Collingwood was many minutes ahead of the next ship
behind him, the
Belleisle.
Gathering to the aid of the
Santa Ana
, French and Spanish ships clustered like wasps around the intruder: the
Fougueux
raked the
Royal Sovereign
from astern; the
San Leandro
from ahead; the
San Justo
was cannonading her from 300 yards off her starboard bow; the
Indomptable
from off her starboard quarter. Shots were perfectly visible as they came towards the men on board, at least from the upper decks, and in these few minutes, so many were being fired at the
Royal Sovereign
that the crew frequently saw shots from different ships collide, or glance off each other, as if in a game of demonic aerial billiards. But the
Royal Sovereign
stuck to her guns. Once past the stern of the
Santa Ana
, Collingwood turned hard to port and ranged his ship right alongside the Spanish flagship.

Muzzle to muzzle for about two hours they fired man-killing shots into each other's bellies. The British fired perhaps eighty broadsides in that time, the Spanish perhaps twenty-five or thirty. The aim was not to sink the other ship but to kill the other crew, or at least enough of them for their officers to consider any continuation hopeless, and those mathematics are the facts on which victory was founded. By about 2.15, the officers of the
Santa Ana
decided to surrender. Her starboard side, next to the
Sovereign
's guns, had been ‘very nearly beaten in' by the shot fired into it. Nearly all her officers were dead or wounded and they surrendered, as was the convention, by hauling down her flag. At almost the same moment, the mizzenmast on the
Royal Sovereign
collapsed, shot through by the fire of the five ships which had surrounded her. A few minutes later, the mainmast followed, leaving only the foremast standing, and that, as the expression of the time had it, ‘tottering and wounded'. Records and figures of dead and wounded on French and Spanish ships are sketchy, but on the British ships exact. There were 47 men
dead on the
Sovereign
and 95 wounded, half of them severely, out of a ship's company of about 600. The Spanish had inflicted casualties at a rate of about 25%; the British had probably killed or wounded about 50% of the enemy. That is the winning difference.

The
Belleisle
strode in after the
Royal Sovereign
, through the same gap Collingwood had entered, and the
Belleisle
again savaged the
Santa Ana
from astern, another double-shotted load with a canister of grape shot on top of them. These methods of warfare do not aim at individual destruction; they make environments murderous. The air between decks in a well-raked ship was as unsurvivable as any No-Man's-Land over which machine guns played.

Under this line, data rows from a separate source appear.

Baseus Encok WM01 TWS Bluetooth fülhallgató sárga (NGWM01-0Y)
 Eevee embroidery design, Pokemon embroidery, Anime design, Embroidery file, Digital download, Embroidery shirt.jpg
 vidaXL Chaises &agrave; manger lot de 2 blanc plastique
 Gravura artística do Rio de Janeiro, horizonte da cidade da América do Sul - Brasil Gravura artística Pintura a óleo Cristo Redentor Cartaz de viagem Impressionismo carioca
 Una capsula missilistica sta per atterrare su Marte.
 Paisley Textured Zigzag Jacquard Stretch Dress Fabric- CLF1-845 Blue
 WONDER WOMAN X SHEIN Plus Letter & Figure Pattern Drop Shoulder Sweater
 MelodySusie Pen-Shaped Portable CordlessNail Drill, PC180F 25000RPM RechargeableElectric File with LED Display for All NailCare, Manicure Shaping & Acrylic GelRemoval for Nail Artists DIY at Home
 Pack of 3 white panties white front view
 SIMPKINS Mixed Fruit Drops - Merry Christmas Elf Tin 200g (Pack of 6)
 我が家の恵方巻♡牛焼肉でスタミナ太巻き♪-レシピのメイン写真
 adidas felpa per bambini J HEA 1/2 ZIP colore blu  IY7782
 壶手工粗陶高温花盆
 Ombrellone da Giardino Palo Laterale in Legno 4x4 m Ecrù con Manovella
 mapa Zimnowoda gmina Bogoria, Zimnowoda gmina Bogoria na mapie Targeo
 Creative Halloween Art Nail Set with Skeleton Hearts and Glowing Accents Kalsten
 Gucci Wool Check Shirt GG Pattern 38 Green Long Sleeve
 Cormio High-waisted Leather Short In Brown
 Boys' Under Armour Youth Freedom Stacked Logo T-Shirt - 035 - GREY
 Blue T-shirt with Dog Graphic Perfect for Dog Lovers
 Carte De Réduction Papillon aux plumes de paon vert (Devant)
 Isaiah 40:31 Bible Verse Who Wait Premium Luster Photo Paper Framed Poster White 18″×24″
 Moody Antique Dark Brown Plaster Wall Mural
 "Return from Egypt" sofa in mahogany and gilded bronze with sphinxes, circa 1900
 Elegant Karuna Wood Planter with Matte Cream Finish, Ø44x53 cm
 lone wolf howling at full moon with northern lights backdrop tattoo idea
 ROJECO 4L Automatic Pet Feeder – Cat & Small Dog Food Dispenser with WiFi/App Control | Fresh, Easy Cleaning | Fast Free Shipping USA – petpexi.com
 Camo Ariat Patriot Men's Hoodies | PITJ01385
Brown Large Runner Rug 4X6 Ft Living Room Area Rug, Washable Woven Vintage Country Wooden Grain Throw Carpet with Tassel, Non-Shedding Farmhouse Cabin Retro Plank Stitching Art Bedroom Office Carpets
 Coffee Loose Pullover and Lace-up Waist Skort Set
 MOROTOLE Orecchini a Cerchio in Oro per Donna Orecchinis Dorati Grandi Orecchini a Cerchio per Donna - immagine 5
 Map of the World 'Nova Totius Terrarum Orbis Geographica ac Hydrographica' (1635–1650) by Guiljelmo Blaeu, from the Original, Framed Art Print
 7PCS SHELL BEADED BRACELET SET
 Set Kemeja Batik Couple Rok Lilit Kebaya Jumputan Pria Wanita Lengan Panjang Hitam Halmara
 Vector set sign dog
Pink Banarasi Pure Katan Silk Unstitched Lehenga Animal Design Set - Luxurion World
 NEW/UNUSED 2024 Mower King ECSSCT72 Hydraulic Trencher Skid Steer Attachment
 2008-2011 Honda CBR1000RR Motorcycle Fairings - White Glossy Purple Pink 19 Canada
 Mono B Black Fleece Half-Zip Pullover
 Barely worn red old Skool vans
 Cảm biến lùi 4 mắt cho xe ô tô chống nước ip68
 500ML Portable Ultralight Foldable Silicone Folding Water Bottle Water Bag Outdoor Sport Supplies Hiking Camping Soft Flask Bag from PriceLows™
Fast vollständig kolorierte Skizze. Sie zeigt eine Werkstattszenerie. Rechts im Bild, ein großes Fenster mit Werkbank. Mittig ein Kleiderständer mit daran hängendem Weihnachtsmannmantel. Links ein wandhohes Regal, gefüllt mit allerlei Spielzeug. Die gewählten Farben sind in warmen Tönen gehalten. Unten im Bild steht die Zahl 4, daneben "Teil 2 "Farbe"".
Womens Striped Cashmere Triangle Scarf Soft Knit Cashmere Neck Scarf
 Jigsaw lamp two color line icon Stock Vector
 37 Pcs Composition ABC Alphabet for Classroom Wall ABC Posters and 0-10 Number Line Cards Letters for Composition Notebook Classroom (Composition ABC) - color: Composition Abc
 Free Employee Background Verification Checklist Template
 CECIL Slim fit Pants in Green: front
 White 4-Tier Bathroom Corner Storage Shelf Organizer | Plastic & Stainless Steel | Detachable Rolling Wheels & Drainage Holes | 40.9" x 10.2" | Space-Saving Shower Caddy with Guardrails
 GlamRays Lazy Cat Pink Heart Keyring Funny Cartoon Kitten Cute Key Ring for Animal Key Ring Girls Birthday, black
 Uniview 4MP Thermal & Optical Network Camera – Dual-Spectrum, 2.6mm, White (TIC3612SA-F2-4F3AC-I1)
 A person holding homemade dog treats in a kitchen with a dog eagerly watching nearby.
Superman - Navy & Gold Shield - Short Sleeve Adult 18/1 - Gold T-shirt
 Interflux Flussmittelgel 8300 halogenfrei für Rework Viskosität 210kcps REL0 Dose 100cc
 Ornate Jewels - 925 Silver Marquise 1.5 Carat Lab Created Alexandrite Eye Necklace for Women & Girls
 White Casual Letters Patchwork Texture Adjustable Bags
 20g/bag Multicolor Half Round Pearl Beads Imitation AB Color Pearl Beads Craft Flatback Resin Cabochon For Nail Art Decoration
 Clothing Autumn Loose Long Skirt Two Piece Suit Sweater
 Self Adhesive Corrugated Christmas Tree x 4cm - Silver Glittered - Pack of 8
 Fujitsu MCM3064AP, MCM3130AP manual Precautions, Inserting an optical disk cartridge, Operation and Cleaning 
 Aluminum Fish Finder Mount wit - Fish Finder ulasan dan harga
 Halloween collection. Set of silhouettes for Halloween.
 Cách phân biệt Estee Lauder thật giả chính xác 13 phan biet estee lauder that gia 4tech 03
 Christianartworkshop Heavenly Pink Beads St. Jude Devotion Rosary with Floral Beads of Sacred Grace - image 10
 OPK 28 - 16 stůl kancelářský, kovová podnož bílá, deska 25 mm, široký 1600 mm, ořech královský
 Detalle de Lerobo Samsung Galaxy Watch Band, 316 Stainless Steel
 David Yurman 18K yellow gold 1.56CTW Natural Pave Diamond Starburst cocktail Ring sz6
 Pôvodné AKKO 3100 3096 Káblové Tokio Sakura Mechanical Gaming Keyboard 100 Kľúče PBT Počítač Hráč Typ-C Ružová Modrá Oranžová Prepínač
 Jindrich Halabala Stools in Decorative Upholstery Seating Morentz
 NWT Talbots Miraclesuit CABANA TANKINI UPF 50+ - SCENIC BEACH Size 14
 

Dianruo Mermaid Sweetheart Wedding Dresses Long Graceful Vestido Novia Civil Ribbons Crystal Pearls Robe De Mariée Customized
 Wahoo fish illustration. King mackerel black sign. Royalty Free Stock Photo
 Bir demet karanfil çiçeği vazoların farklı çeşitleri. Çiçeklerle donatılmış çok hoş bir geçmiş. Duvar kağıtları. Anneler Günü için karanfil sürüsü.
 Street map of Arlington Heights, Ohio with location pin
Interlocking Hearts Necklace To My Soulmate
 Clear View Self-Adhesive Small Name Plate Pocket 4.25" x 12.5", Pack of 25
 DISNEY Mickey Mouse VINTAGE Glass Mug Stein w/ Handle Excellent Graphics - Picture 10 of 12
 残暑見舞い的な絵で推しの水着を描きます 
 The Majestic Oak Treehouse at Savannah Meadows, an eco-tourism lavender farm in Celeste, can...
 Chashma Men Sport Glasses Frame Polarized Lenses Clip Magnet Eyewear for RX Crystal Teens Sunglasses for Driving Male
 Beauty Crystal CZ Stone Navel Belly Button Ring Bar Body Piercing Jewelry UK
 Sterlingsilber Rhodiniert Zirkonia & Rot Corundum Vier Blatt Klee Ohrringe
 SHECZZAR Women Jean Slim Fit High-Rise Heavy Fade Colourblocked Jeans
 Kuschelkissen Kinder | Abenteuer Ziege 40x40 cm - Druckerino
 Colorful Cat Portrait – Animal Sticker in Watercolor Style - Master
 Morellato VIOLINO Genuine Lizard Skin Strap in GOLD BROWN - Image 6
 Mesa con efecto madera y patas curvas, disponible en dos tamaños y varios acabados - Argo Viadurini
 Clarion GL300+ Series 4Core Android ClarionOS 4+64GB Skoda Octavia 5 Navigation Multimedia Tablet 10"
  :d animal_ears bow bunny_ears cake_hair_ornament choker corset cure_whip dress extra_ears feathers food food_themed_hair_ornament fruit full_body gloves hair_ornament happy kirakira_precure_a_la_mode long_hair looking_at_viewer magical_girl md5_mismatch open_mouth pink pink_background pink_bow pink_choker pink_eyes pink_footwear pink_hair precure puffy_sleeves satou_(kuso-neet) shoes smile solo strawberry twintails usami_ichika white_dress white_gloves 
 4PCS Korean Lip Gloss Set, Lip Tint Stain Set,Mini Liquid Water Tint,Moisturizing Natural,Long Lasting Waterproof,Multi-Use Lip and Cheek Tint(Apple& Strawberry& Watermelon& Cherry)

On all ships engaged in this form of brutal action, winning or losing, the damage was horrifying. ‘I now went below,' Samuel Leech wrote of his encounter with a heavily armed American frigate in 1812, after his own outgunned ship had surrendered,

to see how matters appeared there. The first object I met was a man bearing a limb, which had just been detached from some suffering wretch. Pursuing my way to the ward-room, I necessarily passed through the steerage, which was strewed with the wounded: it was a sad spectacle, made more appalling by the groans and cries which rent the air. Some were groaning, others were swearing most bitterly, a few were praying, while those last arrived were begging most piteously to have their wounds dressed next. The surgeon and his mate were smeared with blood from head to foot: they looked more like butchers than doctors.

Here the sea was full of the bodies of scorched, butchered and mangled people. On board the defeated ships, the scene confronting the British officers was one of cinematic horror.
A British midshipman went on board the
Santísima Trinidad
:

She had between 3 and 400 killed and wounded, her Beams where coverd with Blood, Brains, and pieces of Flesh, and the after part of her Decks with wounded, some without Legs and some without an Arm; what calamities War brings on, and what a number of Lives where put an end to on the 21st.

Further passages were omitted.